======== RECORDS PROVIDED ========
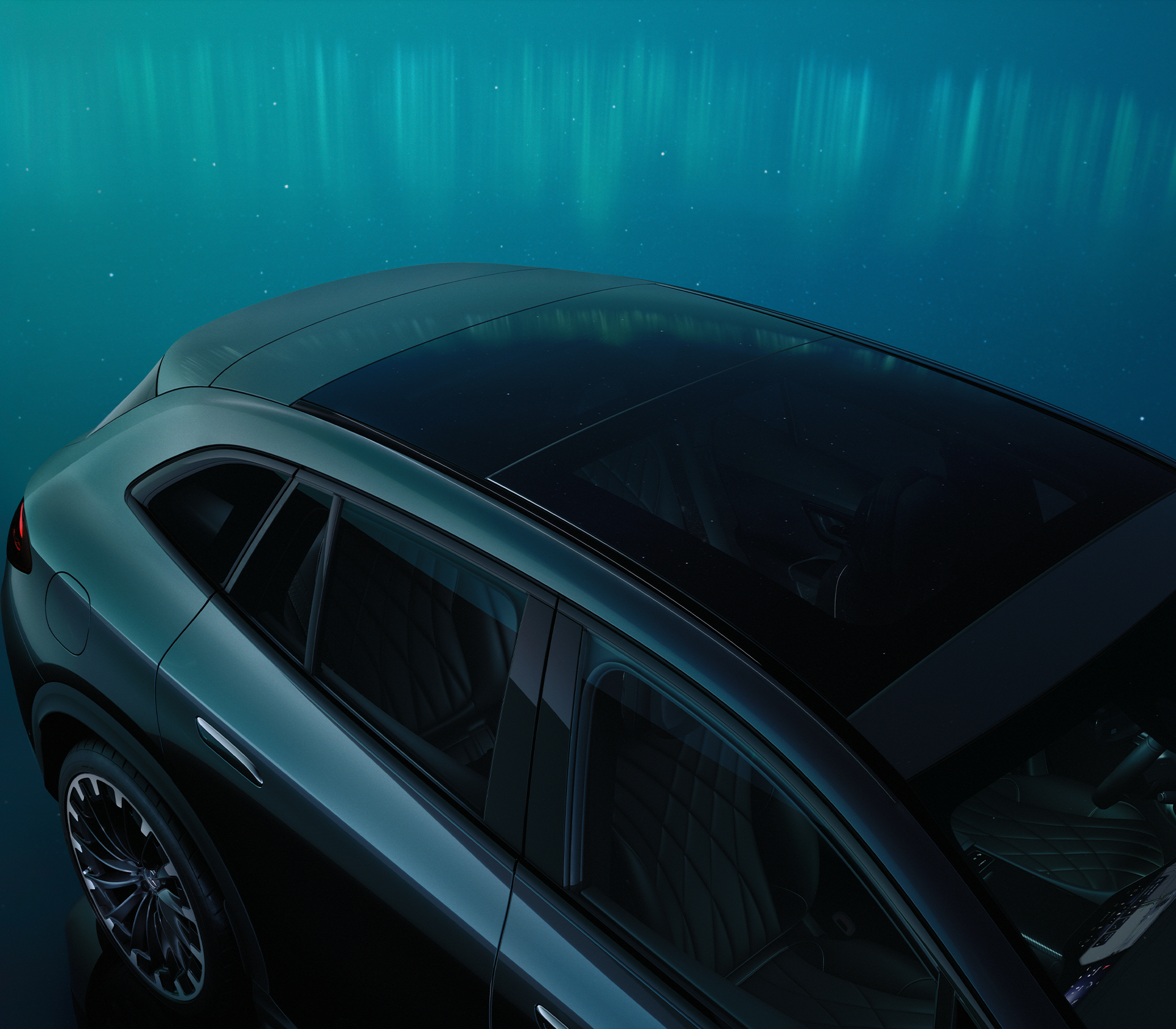 Mercedes-Benz EQE SUV von Oben in einer Umgebung mit Polarlichtern 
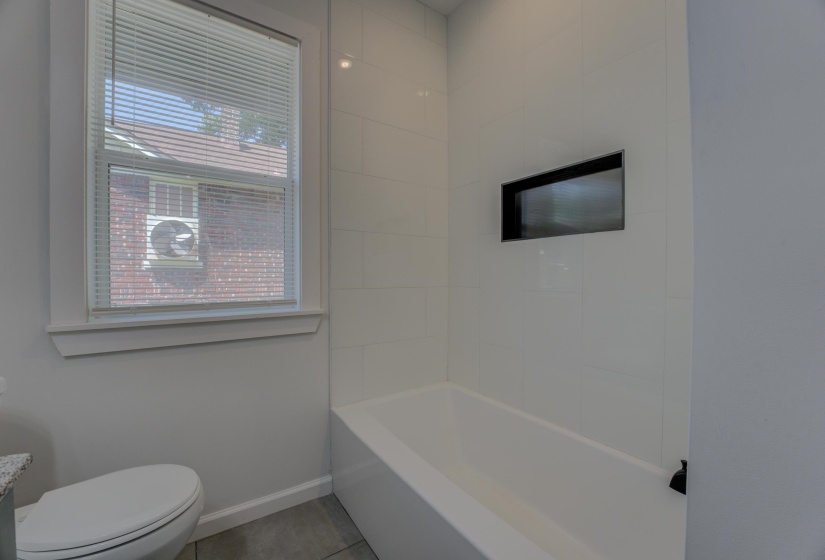 Bathroom featuring plenty of natural light, tile patterned flooring, and toilet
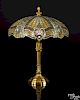 Gorham gilt bronze table lamp with a leaded glass shade, unmarked, 27 1/2'' h., 21'' dia.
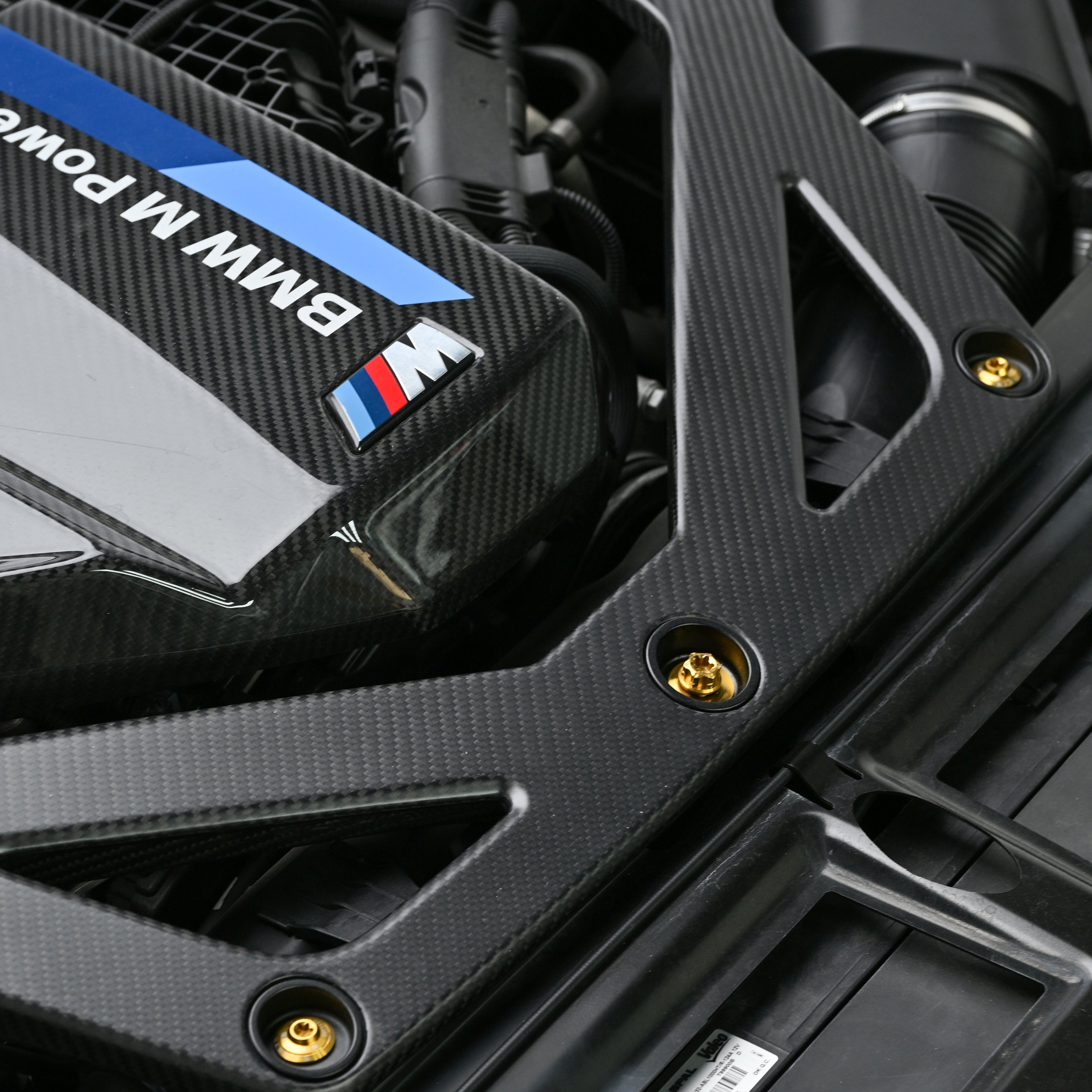 CarbonXtreme CSL style carbon fiber engine bay strut bar, carbon weave detail
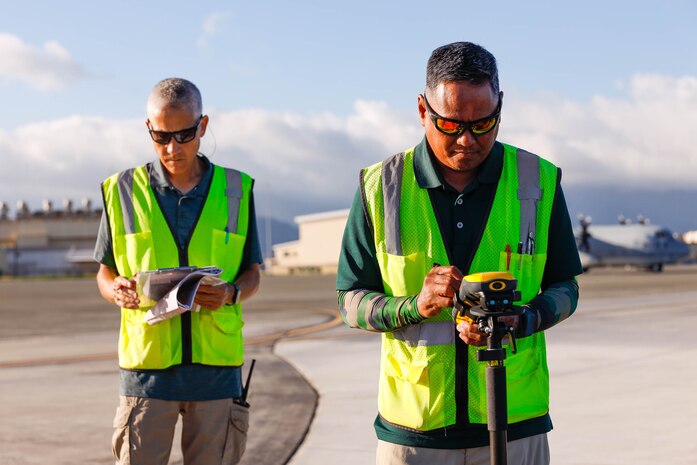 Joven Cadiz, right, civil engineer technician, and Greg Murakami, left, airfield pavement inspection lead, Civil Engineering Branch, Naval Facilities Engineering Systems Command Pacific, inspect the taxiway area of Marine Corps Air Station Kaneohe Bay during an airfield inspection, Marine Corps Base Hawaii, Jan. 25, 2024. This inspection occurs every 3 years and serves to provide detailed information for the sustainment and maintenance of the airfield. (U.S. Marine Corps photo by Sgt. Brandon Aultman)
========
* _DIRECTIONS FOR THIS TASK_: Since the pictures don't belong in the copy, copy only the rest of the entries above exactly.

* _TASK SOLUTION_:
 Mercedes-Benz EQE SUV von Oben in einer Umgebung mit Polarlichtern 
 Bathroom featuring plenty of natural light, tile patterned flooring, and toilet
 Gorham gilt bronze table lamp with a leaded glass shade, unmarked, 27 1/2'' h., 21'' dia.
 CarbonXtreme CSL style carbon fiber engine bay strut bar, carbon weave detail
 Joven Cadiz, right, civil engineer technician, and Greg Murakami, left, airfield pavement inspection lead, Civil Engineering Branch, Naval Facilities Engineering Systems Command Pacific, inspect the taxiway area of Marine Corps Air Station Kaneohe Bay during an airfield inspection, Marine Corps Base Hawaii, Jan. 25, 2024. This inspection occurs every 3 years and serves to provide detailed information for the sustainment and maintenance of the airfield. (U.S. Marine Corps photo by Sgt. Brandon Aultman)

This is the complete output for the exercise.